The latest Currents in Biblical Research has been out for a couple of weeks; abstracts of the main articles are as below.

Serge Frolov
Sleeping with the Enemy: Recent Scholarship on Sexuality in the Book of Judges
Reviewing the publications of the last three decades, this article demonstrates that the period in question has been predictably marked by sharply increased attention to the sexual aspects of the book of Judges, and especially by sustained attempts to discover sexuality in the texts that had been commonly read with little to no reference to it. Refreshing as it is in many respects, this trend suffers from multiple vulnerabilities, including the exegetes’ tendency to stretch semantics of the biblical lexemes, ignore the syntactic layout and context of the discussed fragments, rely on problematic sexual symbolism, and produce interpretations that are less than edifying for contemporary Western audiences. As a result, much, although by no means all, of the recent quest for sexuality in Judges is unsustainable, as far as both the text and the reader are concerned.
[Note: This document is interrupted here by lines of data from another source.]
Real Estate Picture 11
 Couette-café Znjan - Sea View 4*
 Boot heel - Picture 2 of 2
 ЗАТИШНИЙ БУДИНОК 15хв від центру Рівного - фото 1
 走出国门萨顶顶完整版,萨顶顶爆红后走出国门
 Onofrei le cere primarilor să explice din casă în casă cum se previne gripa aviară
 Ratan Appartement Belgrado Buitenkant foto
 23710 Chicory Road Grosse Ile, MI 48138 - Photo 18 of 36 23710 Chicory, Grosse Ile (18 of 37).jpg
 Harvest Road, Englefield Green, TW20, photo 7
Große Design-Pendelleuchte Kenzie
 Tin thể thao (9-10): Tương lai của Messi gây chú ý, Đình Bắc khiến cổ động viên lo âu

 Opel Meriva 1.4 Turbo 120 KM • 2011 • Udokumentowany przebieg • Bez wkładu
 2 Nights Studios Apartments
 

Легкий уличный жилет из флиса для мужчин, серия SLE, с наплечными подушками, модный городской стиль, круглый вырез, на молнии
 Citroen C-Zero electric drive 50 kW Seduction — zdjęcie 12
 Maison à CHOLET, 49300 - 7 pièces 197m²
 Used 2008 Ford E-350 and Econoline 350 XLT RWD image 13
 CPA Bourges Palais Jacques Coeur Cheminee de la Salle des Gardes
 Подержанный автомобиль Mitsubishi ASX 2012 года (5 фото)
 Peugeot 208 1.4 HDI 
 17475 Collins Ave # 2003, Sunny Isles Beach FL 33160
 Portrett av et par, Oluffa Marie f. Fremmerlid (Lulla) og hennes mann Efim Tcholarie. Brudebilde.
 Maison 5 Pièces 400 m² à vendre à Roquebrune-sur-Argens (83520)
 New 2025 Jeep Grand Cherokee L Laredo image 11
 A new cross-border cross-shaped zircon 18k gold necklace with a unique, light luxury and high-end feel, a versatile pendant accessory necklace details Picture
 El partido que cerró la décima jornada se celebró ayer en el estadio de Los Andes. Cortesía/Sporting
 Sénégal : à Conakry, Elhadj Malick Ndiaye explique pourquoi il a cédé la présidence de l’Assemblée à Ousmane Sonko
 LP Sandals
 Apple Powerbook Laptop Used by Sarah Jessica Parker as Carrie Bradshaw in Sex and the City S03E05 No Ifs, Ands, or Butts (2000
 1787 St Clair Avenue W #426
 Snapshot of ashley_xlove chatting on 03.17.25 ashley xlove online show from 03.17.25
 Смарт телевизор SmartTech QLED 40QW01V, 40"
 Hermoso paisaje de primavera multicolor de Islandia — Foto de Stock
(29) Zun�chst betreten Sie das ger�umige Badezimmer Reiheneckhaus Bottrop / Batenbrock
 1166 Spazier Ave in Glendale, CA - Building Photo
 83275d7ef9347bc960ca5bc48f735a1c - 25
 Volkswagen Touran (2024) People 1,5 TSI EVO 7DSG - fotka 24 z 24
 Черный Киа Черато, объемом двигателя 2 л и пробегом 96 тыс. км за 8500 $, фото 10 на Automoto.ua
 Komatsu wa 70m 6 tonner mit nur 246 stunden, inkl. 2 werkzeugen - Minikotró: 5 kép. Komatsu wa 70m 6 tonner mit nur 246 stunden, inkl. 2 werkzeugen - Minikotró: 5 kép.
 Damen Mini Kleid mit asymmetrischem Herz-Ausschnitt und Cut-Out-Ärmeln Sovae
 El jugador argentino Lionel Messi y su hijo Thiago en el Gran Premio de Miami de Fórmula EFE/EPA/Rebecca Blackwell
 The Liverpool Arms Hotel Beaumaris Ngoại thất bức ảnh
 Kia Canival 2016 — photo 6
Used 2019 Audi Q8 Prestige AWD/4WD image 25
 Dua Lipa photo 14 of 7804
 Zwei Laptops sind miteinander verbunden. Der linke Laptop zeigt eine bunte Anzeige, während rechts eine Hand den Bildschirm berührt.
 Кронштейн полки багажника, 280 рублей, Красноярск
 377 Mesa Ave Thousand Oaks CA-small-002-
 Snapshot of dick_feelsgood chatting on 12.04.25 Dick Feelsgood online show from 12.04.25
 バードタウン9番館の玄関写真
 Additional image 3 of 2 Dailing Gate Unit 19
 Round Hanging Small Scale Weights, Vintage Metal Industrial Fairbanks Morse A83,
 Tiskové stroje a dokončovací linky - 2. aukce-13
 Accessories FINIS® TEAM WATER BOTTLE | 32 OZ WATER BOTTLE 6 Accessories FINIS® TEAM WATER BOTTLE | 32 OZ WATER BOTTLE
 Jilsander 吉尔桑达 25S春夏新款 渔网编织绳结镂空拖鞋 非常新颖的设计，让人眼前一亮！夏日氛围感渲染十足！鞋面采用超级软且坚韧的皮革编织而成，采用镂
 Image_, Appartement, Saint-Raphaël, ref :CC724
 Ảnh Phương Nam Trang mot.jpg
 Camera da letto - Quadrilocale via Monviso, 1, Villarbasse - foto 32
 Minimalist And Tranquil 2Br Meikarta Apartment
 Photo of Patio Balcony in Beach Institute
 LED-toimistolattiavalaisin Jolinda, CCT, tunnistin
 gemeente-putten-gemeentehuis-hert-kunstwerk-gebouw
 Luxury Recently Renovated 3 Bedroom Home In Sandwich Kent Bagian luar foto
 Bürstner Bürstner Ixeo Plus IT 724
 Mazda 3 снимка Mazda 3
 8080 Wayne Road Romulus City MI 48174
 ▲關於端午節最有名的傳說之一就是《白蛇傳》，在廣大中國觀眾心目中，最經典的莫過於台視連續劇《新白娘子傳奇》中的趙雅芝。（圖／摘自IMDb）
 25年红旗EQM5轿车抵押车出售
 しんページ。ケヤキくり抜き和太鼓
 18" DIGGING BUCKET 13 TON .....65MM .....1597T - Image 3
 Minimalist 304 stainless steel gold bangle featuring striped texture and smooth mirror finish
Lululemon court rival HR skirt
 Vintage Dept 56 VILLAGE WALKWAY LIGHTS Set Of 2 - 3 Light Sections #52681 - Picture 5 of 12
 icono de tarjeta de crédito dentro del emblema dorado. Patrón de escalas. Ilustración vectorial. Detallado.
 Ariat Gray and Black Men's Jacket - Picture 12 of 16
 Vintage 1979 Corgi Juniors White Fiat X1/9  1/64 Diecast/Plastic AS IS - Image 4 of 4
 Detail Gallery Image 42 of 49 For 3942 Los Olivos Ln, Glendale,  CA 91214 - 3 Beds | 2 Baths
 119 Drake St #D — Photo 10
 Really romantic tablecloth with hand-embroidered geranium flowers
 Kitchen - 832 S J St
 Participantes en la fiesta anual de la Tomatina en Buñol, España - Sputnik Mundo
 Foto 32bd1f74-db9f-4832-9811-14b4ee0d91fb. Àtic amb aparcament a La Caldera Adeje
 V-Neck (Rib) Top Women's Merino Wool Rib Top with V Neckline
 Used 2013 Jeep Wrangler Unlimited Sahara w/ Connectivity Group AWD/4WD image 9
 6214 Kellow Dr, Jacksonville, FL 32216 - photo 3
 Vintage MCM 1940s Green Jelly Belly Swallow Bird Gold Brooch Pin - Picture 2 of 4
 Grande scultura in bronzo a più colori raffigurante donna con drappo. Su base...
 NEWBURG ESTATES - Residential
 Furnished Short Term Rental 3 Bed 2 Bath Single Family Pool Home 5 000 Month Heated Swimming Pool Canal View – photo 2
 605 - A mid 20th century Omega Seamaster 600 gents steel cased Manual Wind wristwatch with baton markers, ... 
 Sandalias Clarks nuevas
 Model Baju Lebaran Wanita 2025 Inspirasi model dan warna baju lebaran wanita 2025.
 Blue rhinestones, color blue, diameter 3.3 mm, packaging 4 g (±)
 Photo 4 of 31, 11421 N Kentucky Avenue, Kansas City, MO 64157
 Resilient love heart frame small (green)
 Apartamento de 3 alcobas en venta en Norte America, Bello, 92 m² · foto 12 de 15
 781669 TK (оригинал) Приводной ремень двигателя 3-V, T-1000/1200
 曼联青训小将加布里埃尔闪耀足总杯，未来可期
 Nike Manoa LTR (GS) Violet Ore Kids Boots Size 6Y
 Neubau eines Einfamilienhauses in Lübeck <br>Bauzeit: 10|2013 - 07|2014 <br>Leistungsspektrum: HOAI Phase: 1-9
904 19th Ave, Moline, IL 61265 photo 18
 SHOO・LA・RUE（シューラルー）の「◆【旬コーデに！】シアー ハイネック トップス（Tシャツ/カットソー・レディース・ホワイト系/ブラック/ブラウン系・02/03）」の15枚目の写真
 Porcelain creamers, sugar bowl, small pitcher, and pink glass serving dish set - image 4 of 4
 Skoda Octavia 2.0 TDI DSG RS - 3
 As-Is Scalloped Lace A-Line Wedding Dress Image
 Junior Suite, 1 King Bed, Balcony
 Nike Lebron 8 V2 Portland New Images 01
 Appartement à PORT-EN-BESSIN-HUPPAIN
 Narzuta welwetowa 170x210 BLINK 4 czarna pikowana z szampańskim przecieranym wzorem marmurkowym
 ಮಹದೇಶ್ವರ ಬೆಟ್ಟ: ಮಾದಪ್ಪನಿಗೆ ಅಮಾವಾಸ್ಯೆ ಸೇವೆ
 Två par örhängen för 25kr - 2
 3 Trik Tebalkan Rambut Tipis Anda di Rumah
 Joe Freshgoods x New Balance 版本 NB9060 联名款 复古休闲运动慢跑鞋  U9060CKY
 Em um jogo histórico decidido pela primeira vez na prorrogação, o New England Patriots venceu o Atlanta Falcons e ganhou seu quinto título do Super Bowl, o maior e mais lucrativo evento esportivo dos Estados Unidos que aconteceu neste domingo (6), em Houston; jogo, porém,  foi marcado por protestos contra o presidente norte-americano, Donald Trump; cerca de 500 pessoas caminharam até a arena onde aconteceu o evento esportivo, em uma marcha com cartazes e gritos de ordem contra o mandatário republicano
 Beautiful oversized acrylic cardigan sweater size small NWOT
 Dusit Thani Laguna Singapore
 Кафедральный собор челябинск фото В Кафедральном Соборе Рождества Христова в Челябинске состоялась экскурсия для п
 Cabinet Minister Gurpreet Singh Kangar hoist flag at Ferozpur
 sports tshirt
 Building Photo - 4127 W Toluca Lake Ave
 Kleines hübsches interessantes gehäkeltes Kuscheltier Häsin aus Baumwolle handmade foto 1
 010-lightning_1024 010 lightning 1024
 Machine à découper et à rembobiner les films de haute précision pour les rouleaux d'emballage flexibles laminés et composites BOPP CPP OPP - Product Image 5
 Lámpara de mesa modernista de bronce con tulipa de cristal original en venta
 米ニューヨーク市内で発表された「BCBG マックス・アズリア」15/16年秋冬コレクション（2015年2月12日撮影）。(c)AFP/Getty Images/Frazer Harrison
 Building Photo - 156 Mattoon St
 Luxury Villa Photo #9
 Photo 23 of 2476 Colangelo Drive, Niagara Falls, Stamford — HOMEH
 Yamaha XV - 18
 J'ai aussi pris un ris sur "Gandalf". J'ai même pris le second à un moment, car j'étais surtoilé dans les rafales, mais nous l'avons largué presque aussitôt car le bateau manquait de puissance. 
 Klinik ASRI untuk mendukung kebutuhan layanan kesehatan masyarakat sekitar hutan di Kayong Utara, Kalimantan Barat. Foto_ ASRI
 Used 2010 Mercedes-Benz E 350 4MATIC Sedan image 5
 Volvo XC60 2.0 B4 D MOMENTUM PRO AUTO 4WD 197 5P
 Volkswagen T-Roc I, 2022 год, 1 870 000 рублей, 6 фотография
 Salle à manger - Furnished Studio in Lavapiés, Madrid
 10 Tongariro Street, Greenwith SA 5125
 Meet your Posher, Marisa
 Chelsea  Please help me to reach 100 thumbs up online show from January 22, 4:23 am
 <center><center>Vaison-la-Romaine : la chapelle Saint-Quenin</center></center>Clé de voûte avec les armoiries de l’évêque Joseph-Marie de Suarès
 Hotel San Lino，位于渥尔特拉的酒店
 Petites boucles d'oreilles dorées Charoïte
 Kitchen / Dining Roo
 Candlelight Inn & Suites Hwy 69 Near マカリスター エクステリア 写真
Jason B. Hood and Matthew Y. Emerson
Summaries of Israel’s Story: Reviewing a Compositional Category
This article reviews and synthesizes the history of, and current research into, ‘summaries of Israel’s story’ (SIS). Particular attention is paid to work done by E. Stauffer, N.T. Wright, H.C. Kee, M.A. Elliot, and Joachim Jeska. This research, as well as investigations into rewritten Bible and other summaries, clarifies the nature of such summaries as a discrete compositional category. Following the review a synthesis of this scholarship will yield a compilation of canonical and extra-canonical SIS.

Coleman A. Baker
Peter and Paul in Acts and the Construction of Early Christian Identity: A Review of Historical and Literary Approaches
The study of Peter and Paul in the Acts of the Apostles has gone through primarily two methodological phases, a search for the historical Peter and Paul and a search for the literary Peter and Paul. In recent decades, the literary approaches to the Bible have begun to raise questions about the role of the reader in understanding texts and their characters, resulting in a few studies that raise the question of the interaction between the reader and the characters of Peter and Paul. This latter development constitutes an emerging third methodological phase, the search for the identity-forming Peter and Paul. At issue in this search is how those who interact with the Acts narrative, both ancient and modern readers, are affected by the presentation of characters of Peter and Paul.

Bruce Worthington
Alternative Perspectives beyond the Perspectives: A Summary of Pauline Studies that has Nothing to Do with Piper or Wright
Given the overwhelming scholarly attention directed towards the Old and New Perspectives within the Pauline Studies guild, much worthwhile Pauline scholarship continues to float beneath or beyond our interpretive radar. Recent post-colonial, ecotheological and philosophical reappraisals of Paul are changing the way we do business – with some interesting alternative conclusions. As a ‘state of play’ synopsis, this article seeks to summarize ways in which alternative discourses like (1) continental philosophy, (2) ecological hermeneutics, (3) post-colonial/gender reconstructions, and (4) social-scientific theory can shed a necessary, nuanced light on Paul and his continued relevance beyond the duelling perspectives. However, I conclude by suggesting that most alternative ‘reconstructions’ significantly rely on the notion of early Christian egalitarian purity, and thus only confirm a modern liberal inclination to establish original, untainted, pure, Christian origins.

F.S. Naiden
Recent Study of Greek Religion in the Archaic through Hellenistic Periods
This article reviews recent literature in the field of Greek religion from approximately 800 to 150 BCE. It notes the long-standing connections between the study of Greek religion and the religions of the Near East, sets forth several common features of these religions, and tells how the study of Greek religion came to embody the ideas of Robertson Smith, among others, and how three themes, the centrality of ritual, of animal sacrifice, and of the religion of the polis came to dominate the field in the last half-century. In the last twenty years, some scholars have questioned these dominant themes. This article concludes by describing the relation between Greek and Near Eastern religion today, and by offering two examples of unstudied parallels between the two fields.